Lisa M. Harlan-Williams, PhD
Dr. Harlan-Williams is an Associate Professor in the Department of Anatomy and Cell Biology at the University of Kansas Medical Center. She is also the Assistant Director for Administration and Education for the University of Kansas Cancer Center.
Dr. Harlan-Williams received her BS in Biology from Henderson State University in Arkadelphia, AR. She earned her PhD in Molecular Genetics under the guidance of Stephen Benedict, PhD in the Department of Molecular Biosciences at the University of Kansas, Lawrence, KS. Her research interests focus on the breast cancer susceptibility gene (BRCA)1 and its role in cellular metabolism.
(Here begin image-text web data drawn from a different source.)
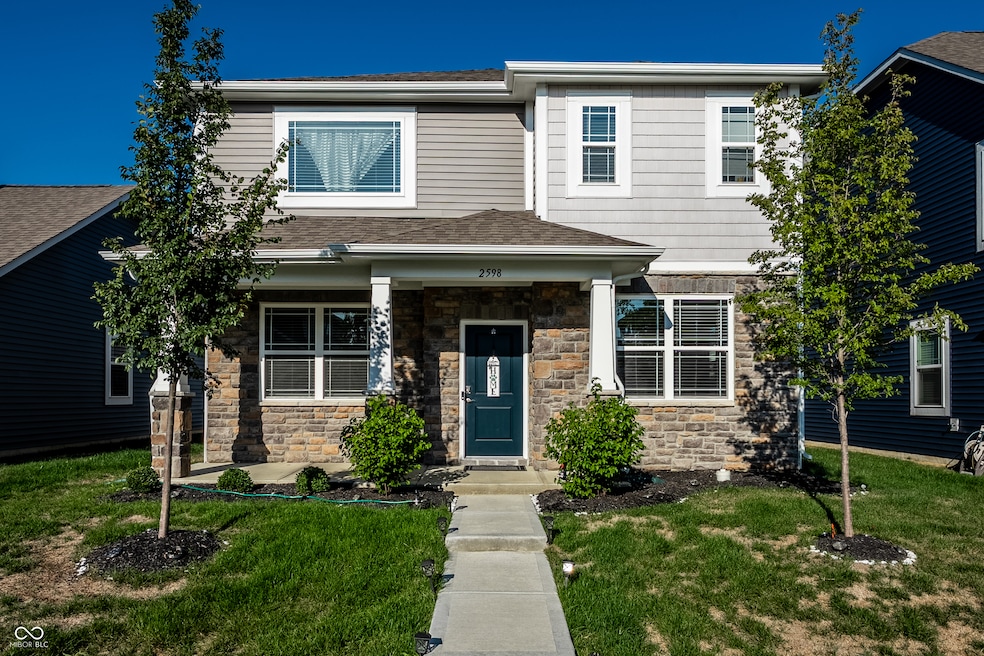 front featuring stone siding
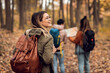 © Zoran Zeremski - Three female friends enjoying hiking in forest.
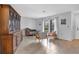 Living room featuring comfortable seating and a large cabinet at 12329 Veronese St, North Port, FL 34287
Dr. Harlan-Williams is the director of the KU Cancer Center Accelerate Cancer Education summer research program for high school students. Dr. Harlan-Williams is passionate about her interactions with many different learners and specifically loves to engage with high school students as they consider pursing oncology related careers. For the Cancer Center, she also coordinates all activities related to the P30 Cancer Center Support Grant.
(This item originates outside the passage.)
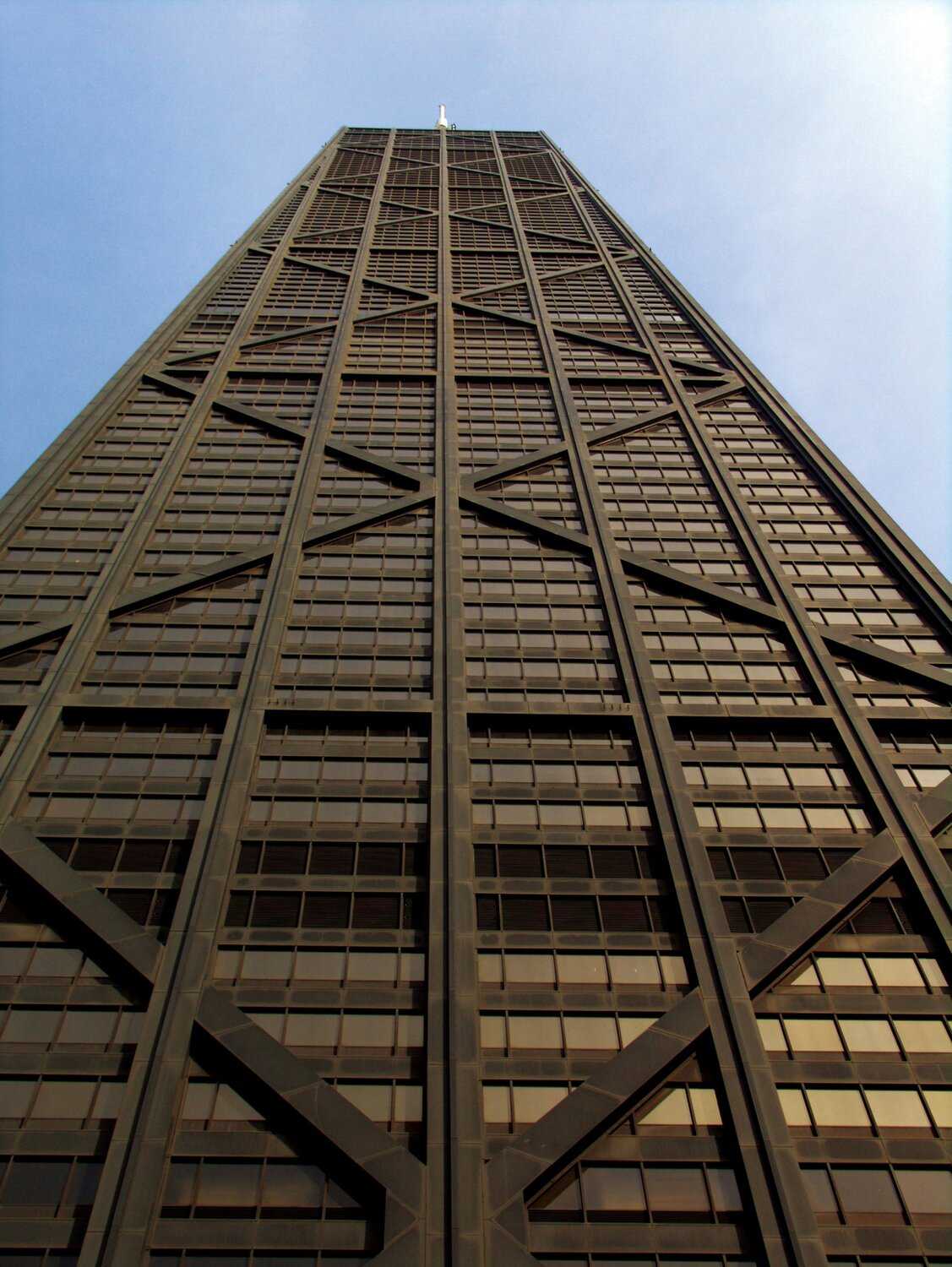 An image of 875 North Michigan avenue taken from below looking up the side of the building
Dr. Harlan-Williams is a member of the American Association for Cancer Research and the American Association for Cancer Education.
Education and Training
- BS, Biology, Henderson State University, Arkadelphia, AR, Arkdelphia, AR
- PhD, Molecular Genetics, University of Kansas, Lawrence, KS, Lawrence, KS
- Other, Maintenance of the microenvironment affecting CD8+ T cell cytolytic activity and life span, H. Lee Moffitt Cancer Center, Tampa, FL, Tampa, FL
- Other, Identification and characterization of small molecules that increase BRCA1 gene expression, University of Kansas Cancer Center, University of Kansas Medical Center, Kansas City, KS
- American Association for Cancer Education, Member, 2018 - Present
- American Association for Cancer Research, Member, 2007 - Present
Dr. Harlan-Williams is involved in basic science research related to understanding the role of BRCA1 in cellular metabolism and breast cancer. Her long-term research goal is to delineate the mechanism(s) by which BRCA1 regulates the metabolic switch that ultimately influences tumorigenesis. She utilizes both in vitro and in vivo models in her studies so that her discoveries may ultimately translate to patients.